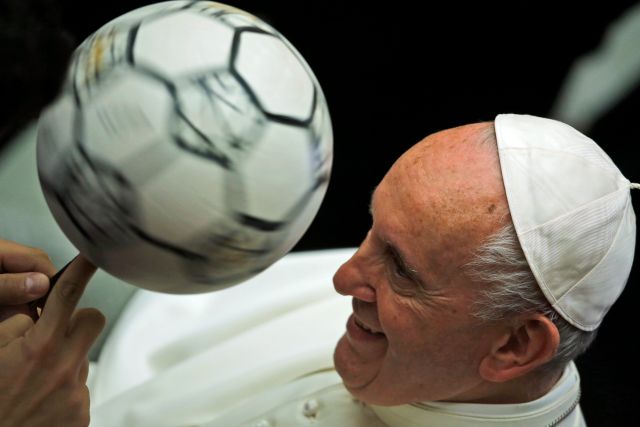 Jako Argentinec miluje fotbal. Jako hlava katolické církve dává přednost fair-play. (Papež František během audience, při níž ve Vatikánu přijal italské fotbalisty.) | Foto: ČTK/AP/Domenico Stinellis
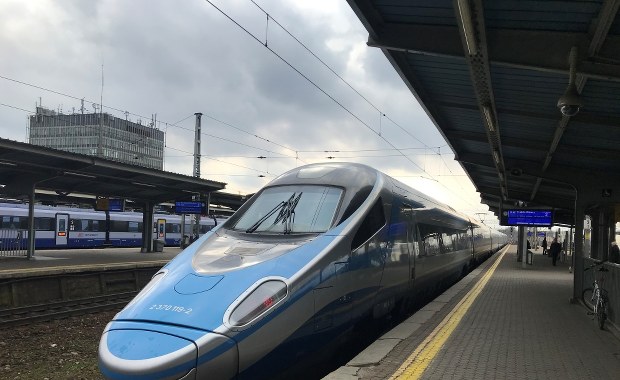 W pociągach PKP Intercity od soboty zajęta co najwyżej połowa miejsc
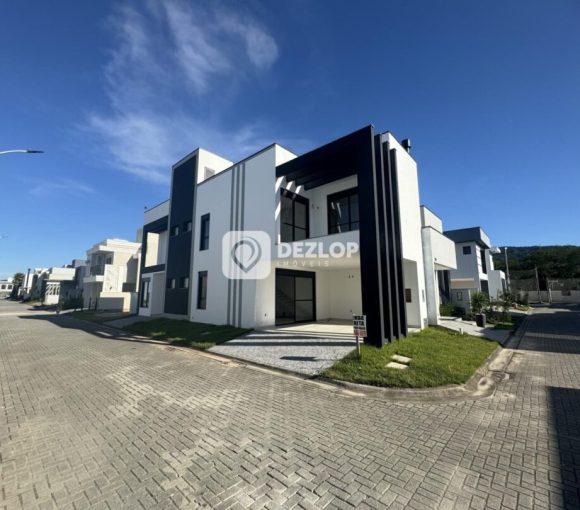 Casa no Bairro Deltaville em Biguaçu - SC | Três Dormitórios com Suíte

## Task to carry out
Could you reproduce exactly the lines running from the one with "W pociągach PKP" through the final line of the listing above, both included, and drop the pictures?

## Exercise output
 W pociągach PKP Intercity od soboty zajęta co najwyżej połowa miejsc
 Casa no Bairro Deltaville em Biguaçu - SC | Três Dormitórios com Suíte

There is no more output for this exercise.